Most recently Netanyahu disparaged a hostage deal just as Secretary of State Antony Blinken was trying to arrange it; he announced a military move into the southern Gaza city of Rafah, which U.S. officials have said would be a "disaster" for the 1.4 million Palestinians with nowhere to go; and he has persisted in the dangerous fantasy that Israel will fight until "total victory."
But The Post also reports that "for now, the White House has rejected calls to withhold military aid to Israel or impose conditions on it, saying that would only embolden Israel’s enemies." Some enemies more than others are impossible to identify with any precision, since Israel has made an enemy of the entire world. Its fiercest enemy will be the thousands of Palestinians being radicalized by Netanyahu's unrelenting slaughter.
Some White House advisers are urging only a political shift: The president must criticize Netanyahu "to distance himself from an unpopular leader and his scorched-earth policies" while changing U.S. policy not at all. This would ensure only a constant recycling of the reason for Biden's criticism of the prime minister in the first place. Netanyahu's atrocities in Gaza would persist and Biden's ineffectual tut-tutting would cause him to look even weaker.

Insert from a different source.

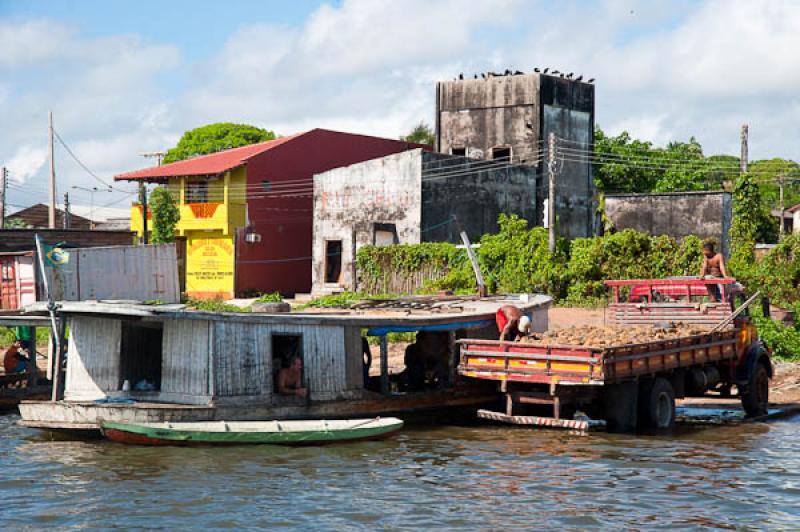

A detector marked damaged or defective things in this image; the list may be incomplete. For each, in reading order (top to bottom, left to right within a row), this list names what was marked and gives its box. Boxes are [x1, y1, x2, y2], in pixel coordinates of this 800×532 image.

rusty cargo truck [460, 278, 772, 432]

Ben Rhodes, President Obama's deputy national security adviser, offered the lucid position: "So long as you are supporting Netanyahu’s military operation in Gaza without condition, it makes absolutely no difference how much you turn the dial in your comments. Fundamentally, you have to make a decision not to give Bibi a blank check of support."
A senior administration official looked beyond today and into an even more problematic tomorrow. "This gets to the frustration with the Israelis. Have they done the work on what comes next in Gaza? No. They haven’t grappled with the really hard questions." Netanyahu's answer to the hardest question he has already given: There shall be no Palestinian state.
That too ensures a constant recycling of Biden's criticisms and ultimately confirms the hopelessness of U.S. policy. Absent a two-state solution, the Israel-Palestine war will persevere for generations more. The singular, possible escape from this Middle East nightmare is Netanyahu's political demise. But who, or rather what, comes next?
Only the Israeli people can turn the senseless futility of an endless war into the peace of former enemies living side by side, each with full sovereignty. Netanyahu and his far-right allies in government promise perpetual tension and frequent bloodshed. Israelis must reject their promise and seek instead the only rational path to their own security.